◆ Task item
Below are records that contain pictures; transcribe the text exactly and omit the pictures.

(Caption-style text data)
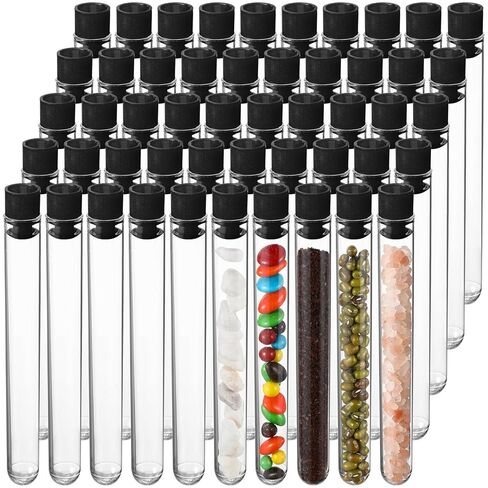 50 Pake 8 ml Clear Test Tubes with Caps 12x100mm Plastic Vials Test Tubes for Scientific Experiments Halloween Christmas Scientific Themed Birthday Party Supplies Candy Storage (Orange) in Saudi Arabia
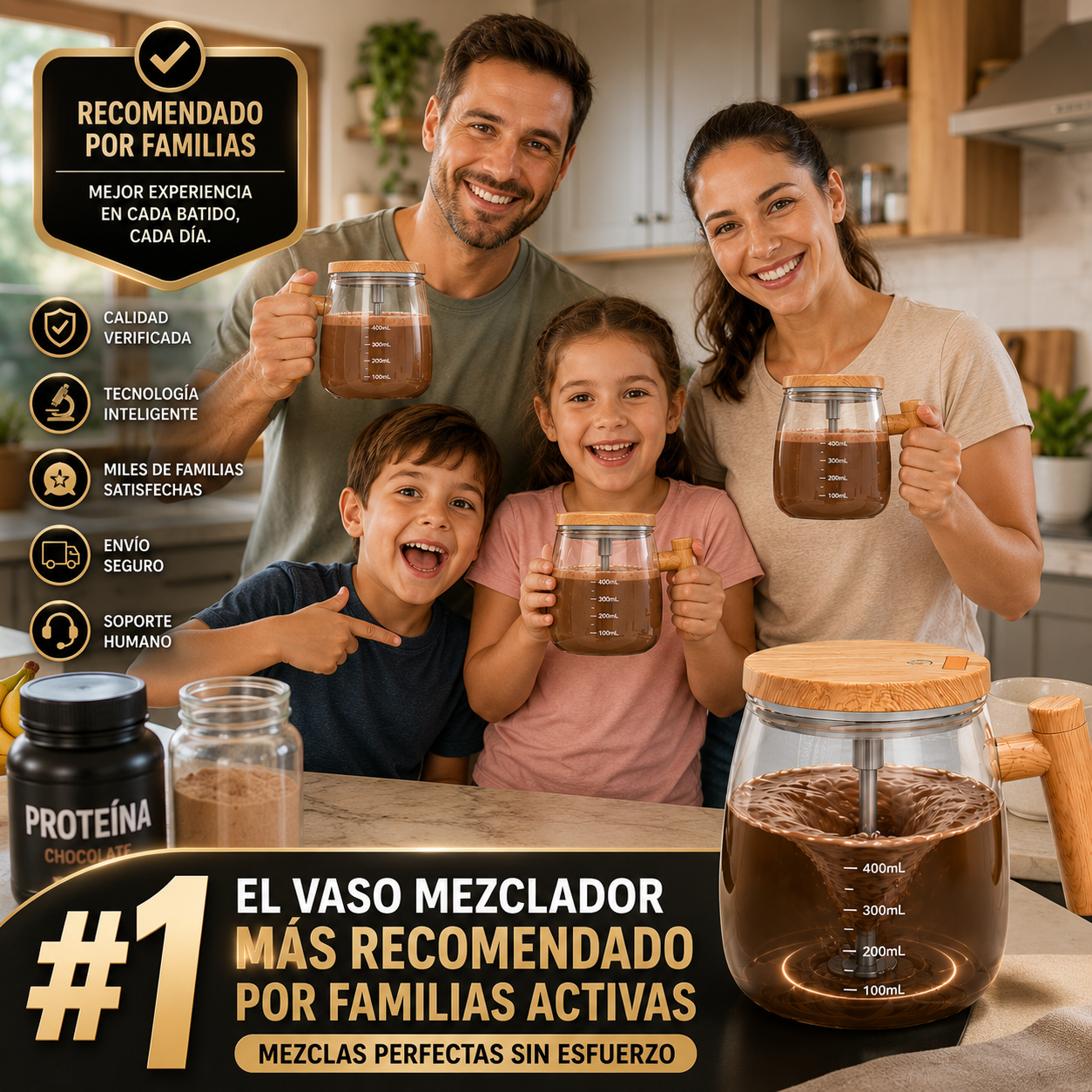Taza Mug Batidora Eléctrica De Vidrio / Mezcla Perfecta™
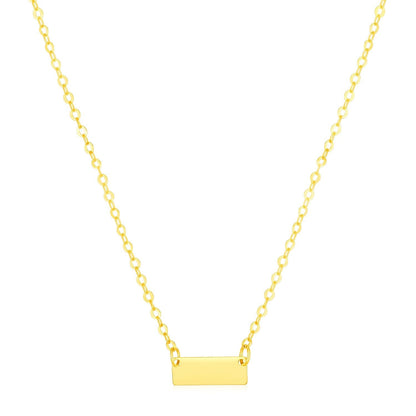 14k Yellow Gold Polished Mini Bar Necklace 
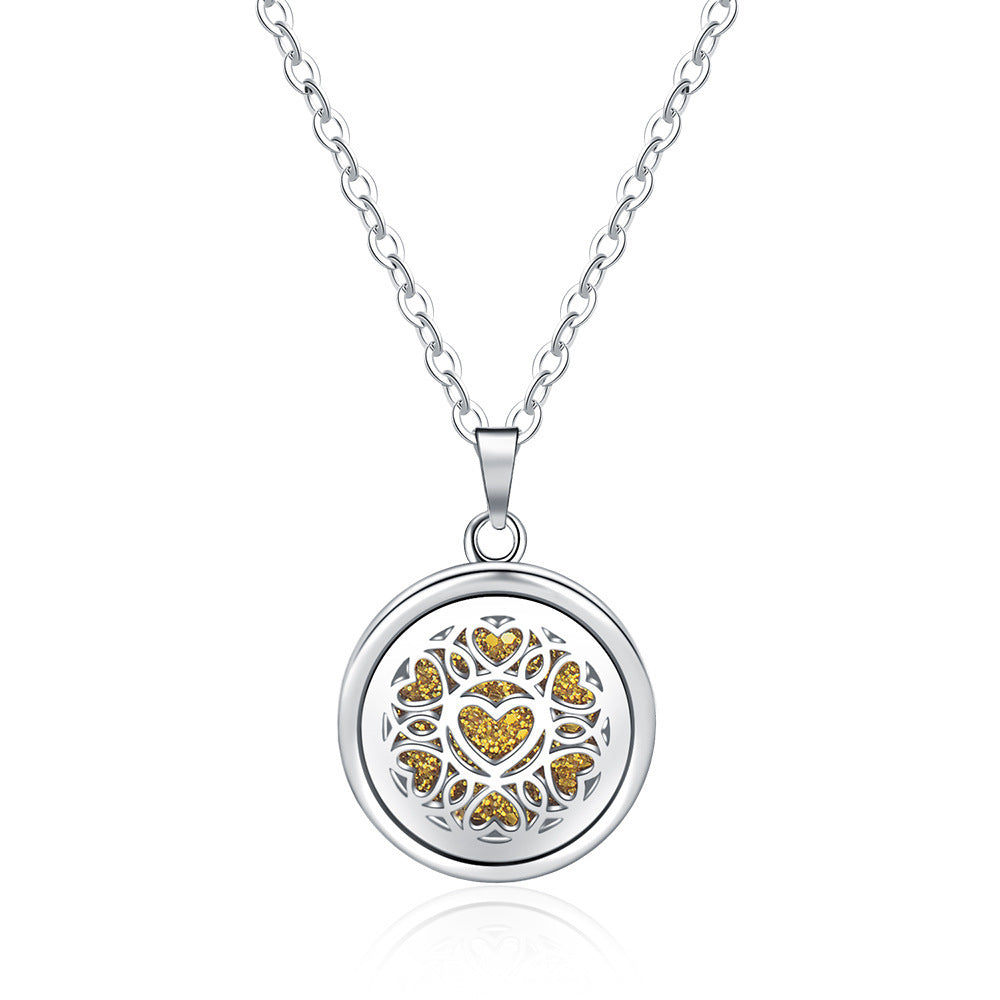 Open Round Hollow Perfume Box Necklace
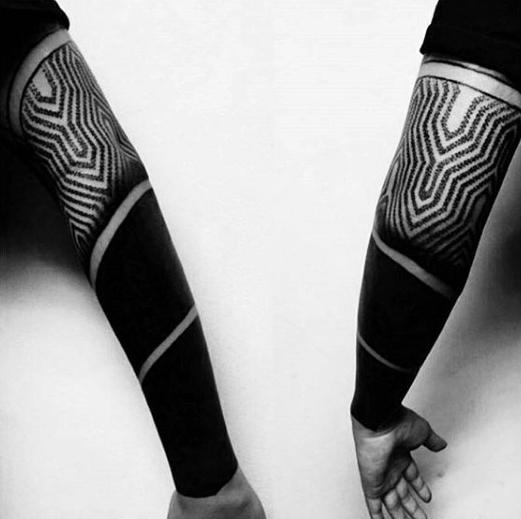 Guys Blackout Sleeve Tattoo Deisgns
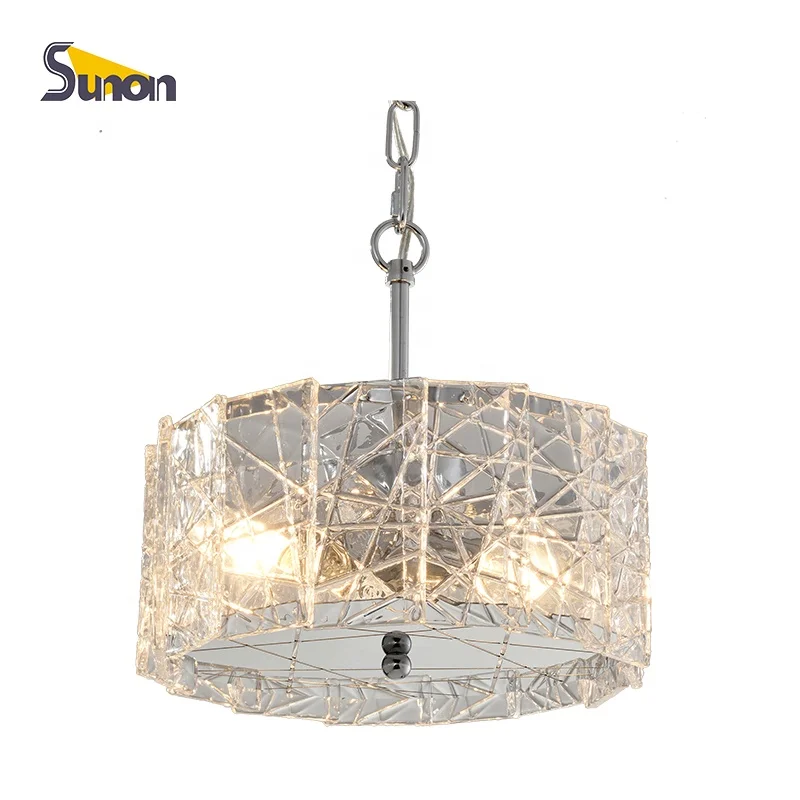 Modern Luxury E12 E14 Bulb Round 3 Lamp Fixture Ceiling Pendant Light Glass Chandelier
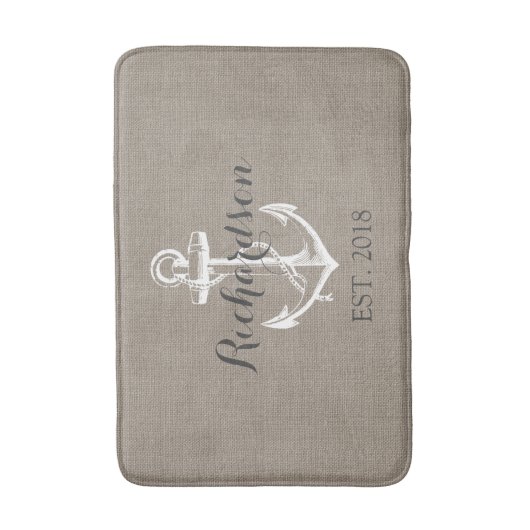 Rustige  Anchor Wedding Monogram Badmat (Voorkant Verticaal)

◆ Response to the exercise
 50 Pake 8 ml Clear Test Tubes with Caps 12x100mm Plastic Vials Test Tubes for Scientific Experiments Halloween Christmas Scientific Themed Birthday Party Supplies Candy Storage (Orange) in Saudi Arabia
Taza Mug Batidora Eléctrica De Vidrio / Mezcla Perfecta™
 14k Yellow Gold Polished Mini Bar Necklace 
 Open Round Hollow Perfume Box Necklace
 Guys Blackout Sleeve Tattoo Deisgns
 Modern Luxury E12 E14 Bulb Round 3 Lamp Fixture Ceiling Pendant Light Glass Chandelier
 Rustige  Anchor Wedding Monogram Badmat (Voorkant Verticaal)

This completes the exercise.